Reputation: 58049
I'm using TinySoundFont to use SF2 files on watchOS. I want to play the raw audio generated by the framework in real time (which means calling tsf_note_on
as soon as the corresponding button is pressed and calling tsf_render_short
as soon as new data is needed). I'm using an AVAudioSourceNode to achieve that.
Despite the sound rendering fine when I render it into a file, it's really noisy when played using the AVAudioSourceNode. (Based on the answer from Rob Napier, this might be because I ignore the timestamp property - I'm looking for a solution that addresses that concern.) What causes this issue and how can I fix it?
I'm looking for a solution that renders audio realtime and not precalculates it, since I want to handle looping sounds correctly as well.
You can download a sample GitHub project here.
import SwiftUI
import AVFoundation
struct ContentView: View {
@ObservedObject var settings = Settings.shared
init() {
settings.prepare()
}
var body: some View {
Button("Play Sound") {
Settings.shared.playSound()
if !settings.engine.isRunning {
do {
try settings.engine.start()
} catch {
print(error)
}
}
}
}
}
import SwiftUI
import AVFoundation
class Settings: ObservableObject {
static let shared = Settings()
var engine: AVAudioEngine!
var sourceNode: AVAudioSourceNode!
var tinySoundFont: OpaquePointer!
func prepare() {
let soundFontPath = Bundle.main.path(forResource: "GMGSx", ofType: "sf2")
tinySoundFont = tsf_load_filename(soundFontPath)
tsf_set_output(tinySoundFont, TSF_MONO, 44100, 0)
setUpSound()
}
func setUpSound() {
if let engine = engine,
let sourceNode = sourceNode {
engine.detach(sourceNode)
}
engine = .init()
let mixerNode = engine.mainMixerNode
let audioFormat = AVAudioFormat(
commonFormat: .pcmFormatInt16,
sampleRate: 44100,
channels: 1,
interleaved: false
)
guard let audioFormat = audioFormat else {
return
}
sourceNode = AVAudioSourceNode(format: audioFormat) { silence, timeStamp, frameCount, audioBufferList in
guard let data = self.getSound(length: Int(frameCount)) else {
return 1
}
let ablPointer = UnsafeMutableAudioBufferListPointer(audioBufferList)

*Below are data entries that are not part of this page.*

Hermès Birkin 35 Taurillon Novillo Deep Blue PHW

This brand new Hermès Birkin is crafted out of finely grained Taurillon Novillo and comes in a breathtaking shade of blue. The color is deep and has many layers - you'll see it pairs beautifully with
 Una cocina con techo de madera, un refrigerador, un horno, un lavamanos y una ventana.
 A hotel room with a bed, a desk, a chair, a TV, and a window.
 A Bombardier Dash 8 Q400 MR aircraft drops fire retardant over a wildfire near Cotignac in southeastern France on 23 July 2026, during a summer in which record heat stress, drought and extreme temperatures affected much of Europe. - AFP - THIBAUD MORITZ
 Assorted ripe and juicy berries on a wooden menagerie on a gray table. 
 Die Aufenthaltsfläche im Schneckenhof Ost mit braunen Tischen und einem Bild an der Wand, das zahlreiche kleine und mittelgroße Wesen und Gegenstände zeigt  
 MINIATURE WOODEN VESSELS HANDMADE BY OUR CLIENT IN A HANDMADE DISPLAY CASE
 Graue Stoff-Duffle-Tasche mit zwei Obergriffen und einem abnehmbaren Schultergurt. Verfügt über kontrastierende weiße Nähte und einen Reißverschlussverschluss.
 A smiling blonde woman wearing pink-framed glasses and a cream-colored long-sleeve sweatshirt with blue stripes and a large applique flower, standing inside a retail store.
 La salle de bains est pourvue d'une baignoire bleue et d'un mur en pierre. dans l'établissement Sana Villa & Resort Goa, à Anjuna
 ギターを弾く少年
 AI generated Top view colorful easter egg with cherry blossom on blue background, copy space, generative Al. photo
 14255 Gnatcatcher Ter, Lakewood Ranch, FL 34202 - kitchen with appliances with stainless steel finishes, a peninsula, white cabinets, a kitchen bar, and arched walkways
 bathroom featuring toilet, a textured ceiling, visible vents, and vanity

data.withUnsafeBytes { (intPointer: UnsafePointer<Int16>) in
for index in 0 ..< Int(frameCount) {
let value = intPointer[index]
// Set the same value on all channels (due to the inputFormat, there's only one channel though).
for buffer in ablPointer {
let buf: UnsafeMutableBufferPointer<Int16> = UnsafeMutableBufferPointer(buffer)
buf[index] = value
}
}
}
return noErr
}
engine.attach(sourceNode)
engine.connect(sourceNode, to: mixerNode, format: audioFormat)
do {
try AVAudioSession.sharedInstance().setCategory(.playback)
} catch {
print(error)
}
}
func playSound() {
tsf_note_on(tinySoundFont, 0, 60, 1)
}
func getSound(length: Int) -> Data? {
let array = [Int16]()
var storage = UnsafeMutablePointer<Int16>.allocate(capacity: length)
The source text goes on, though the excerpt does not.